Re: amd64: stuck in netlock

Martin Pieuchot
On 29/01/18(Mon) 20:38, Artturi Alm wrote:

> On Mon, Jan 29, 2018 at 10:42:20AM +0100, Martin Pieuchot wrote:
> > Hello Artturi,
> >
> > On 28/01/18(Sun) 09:08, Artturi Alm wrote:
> > > >Synopsis: stuck in netlock
> > > >Category: amd64
> > > >Environment:
> > > System      : OpenBSD 6.2
> > > Details     : OpenBSD 6.2-current (GENERIC.MP) #333: Sun Jan  7 09:13:00 MST 2018
> > > [hidden email]:/usr/src/sys/arch/amd64/compile/GENERIC.MP
> > >
> > > Architecture: OpenBSD.amd64
> > > Machine     : amd64
> > > >Description:
> > > processes getting stuck w/STATE=netlock, kill has no effect.
> > > >How-To-Repeat:
> > > using the desktop normally, until trying to restart chrome ends
> > > up failing.
> >
> > What do you mean with "using the desktop normally"?  Which applications
> > are you using?  Which browser plugins?  Can you find out the minimum
> > setup to reproduce this deadlock?
> >
> > > I've had this happen to me atleast twice in the last few of weeks.
> >
> > Do you know how to reproduce it easily?
> >
>
> this time i had less than 10tabs open, so i guess it can be narrowed
> down even further.
>
> > > At first time i noticed how trying to launch chrome did lock up
> > > all the other processes in netlock, and "pkill chrome" did allow
> > > the system to recover, i was unable to figure out what was wrong
> > > and rebooting did make everything work again, while ie.
> > > removing ~/.cache & ~/.config did not.
> >
> > So the deadlock is related to your chrome usage?
> >
>
> now it does feel like so. i'll upgrade tonight.
>
> > > long before running the "ps cl" below, i had already killed all
> > > the xterm-windows those processes were in. cwm(1) was unable to
> > > kill some of those, but xkill did not.
> >
> > Well killing process waiting for the 'netlock' won't help.  What has to
> > be find is which process is holding it.  For that we need the full ps
> > output, including kernel and userland threads.
> > >
> > > after exiting X w/ctrl+alt+backspace(iirc?) i didn't get back to
> > > $-prompt, and ^T did show xauth stuck in netlock..
> > > i guess it's obvious where it was heading; so i got pics of
> > > "# reboot -nq" failing because stuck in the fckng netlock -_-
> > >
> > > i do have ddb.{panic,console,log}=1, but
> > > "# sysctl ddb.trigger=1" ==
> > > "sysctl: ddb.trigger: Operation not supported by device"
> >
> > Not having DDB access will limit the debugging experience.  Are you sure
> > you tried to enter it on your console?
> >
>
> so this requires ttyC0, right?
> this time it was ifconfig in [netlock], that prevented using ttyC0.
> i got there from X by running "virsh shutdown <domain" from the kvm host,
> i guess it emulates what pressing actual power button would(acpi?).
>
> > > ?? so i had no option but "virsh reset <domain>"...
> >
> > Did you try top(1)?  What were the kernel processes doing?
>
> see below, if "top -bCHS -d 1 999" should do.
> anything else i could do? anyway, thanks in advance:)

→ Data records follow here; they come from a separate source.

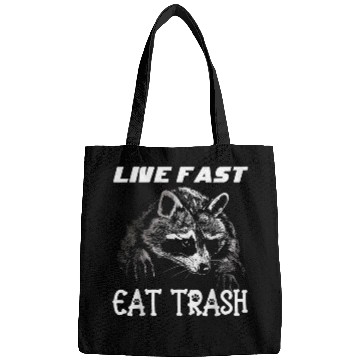 Discover Raccoon Pet Live Fast Eat Trash Panda Funny 3 Bags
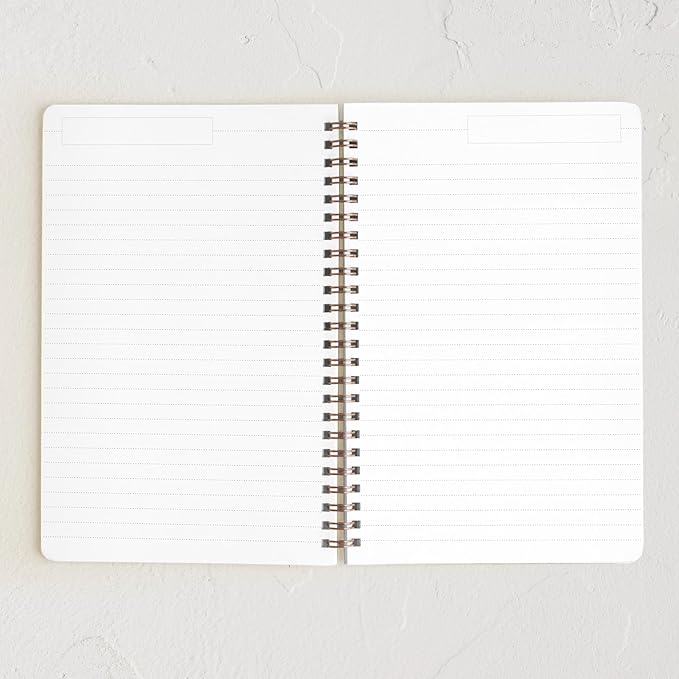 Minted Red Bow Notebook, Writing Journal for Notes & Journaling, Durable Acrylic Free Cover, Modern, Colorful & Simple Spiral Bound Journal Notebook with 80 Lined Pages, 5.5" x 8.5"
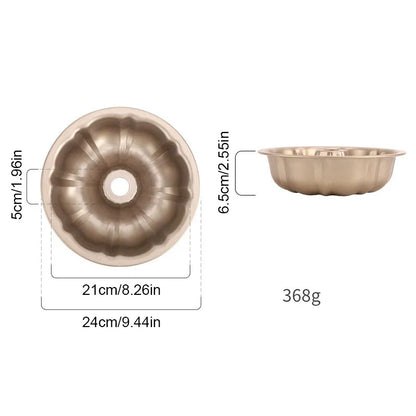 Non-Stick Metal Bake Mould Round Cake Pan Bakeware Carbon Steel Cakes Molds Donut Hollow Mold Kitchen Accessories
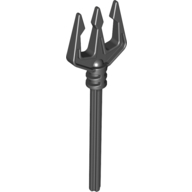 Large Figure Weapon Trident, with Long Axle (Black)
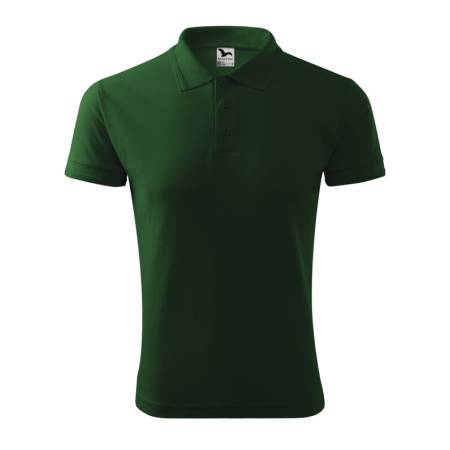 Koszulka męska polo MALFINI zielona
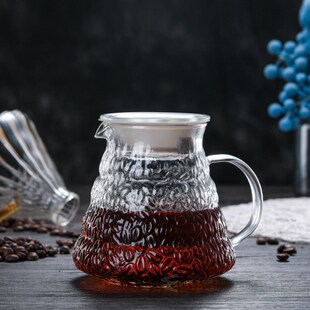V60 Pour Over Glass Range Coffee Server 360/600/800ml Hand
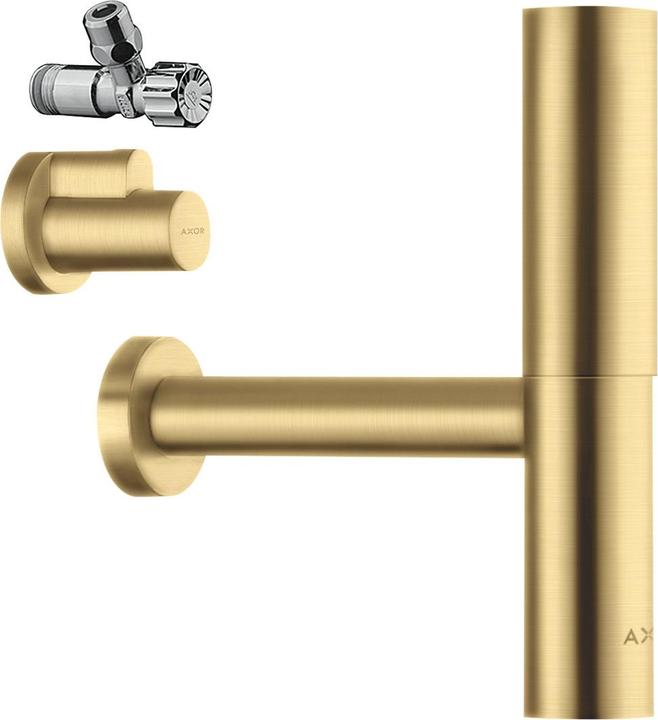 Produktbild Axor Flowstar Designsiphon Set, mit zwei Eckventil und Schubern, 51304 (Flaschensiphon, 1 1/4")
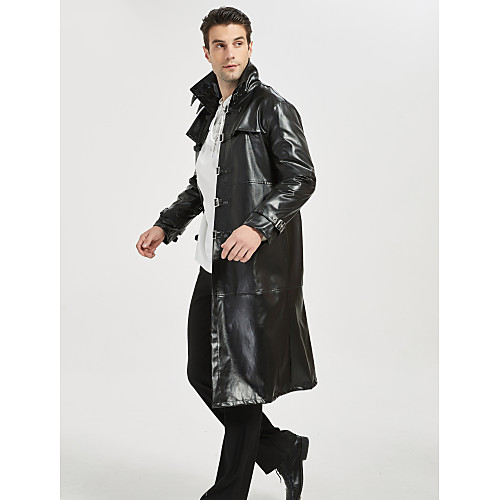 

Plague Doctor Retro Vintage Gothic Steampunk Coat Masquerade Men's Costume Black / Coffee / Black / Grey Vintage Cosplay Party Halloween Long Sleeve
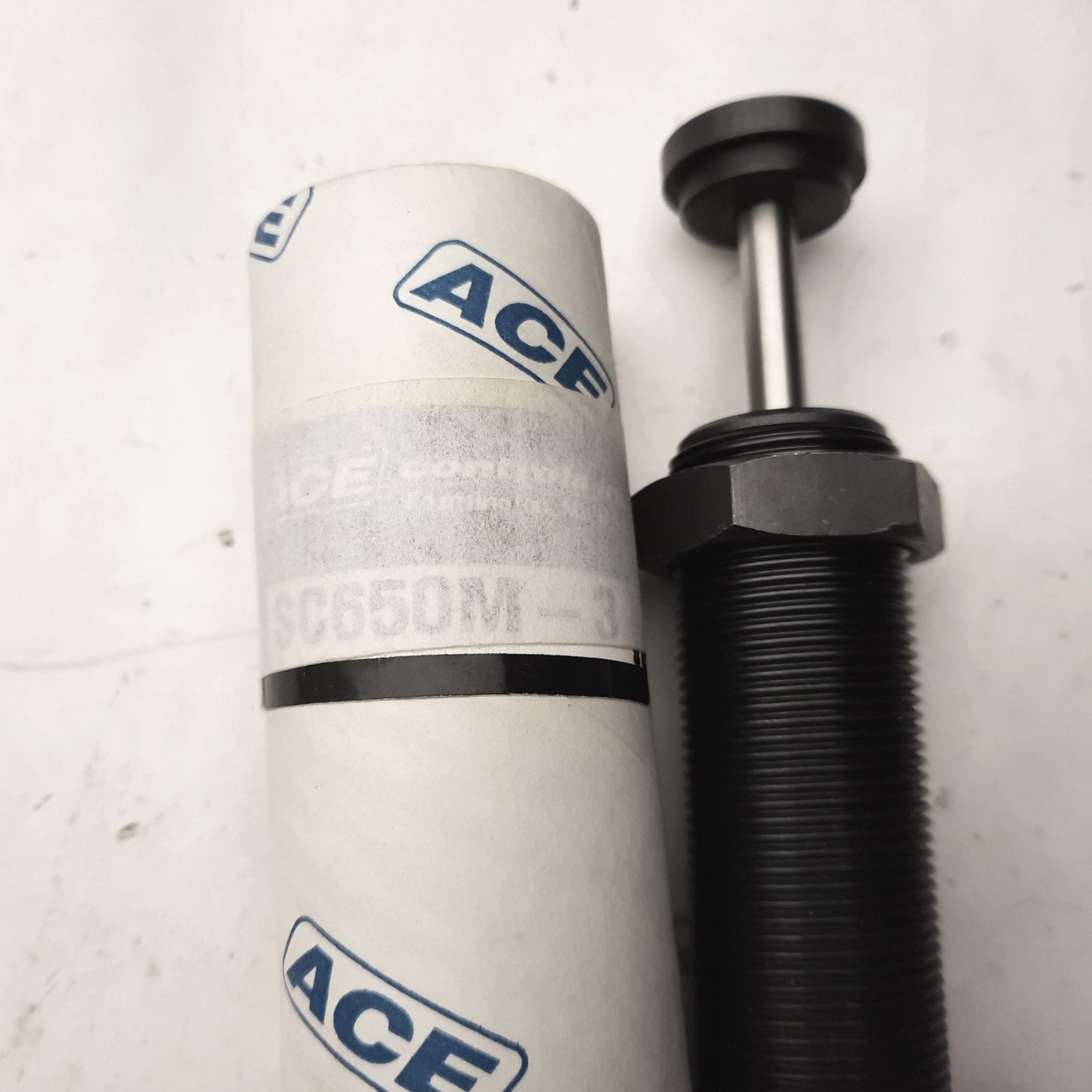 New Ace Controls SC650M-3 Shock Absorber For SG Slides, 650in-lbs, 800lbs Max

This is where the problems comes from:

> 33315   443734  -6    0  141M  102M idle      viowait   0:00  0.00% chrome:

I don't understand how chrome can end up sleeping in vio_ioctl() and why
it is sleeping forever.  But this thread is holding the NET_LOCK() and
prevents the rest of the kernel from making progress.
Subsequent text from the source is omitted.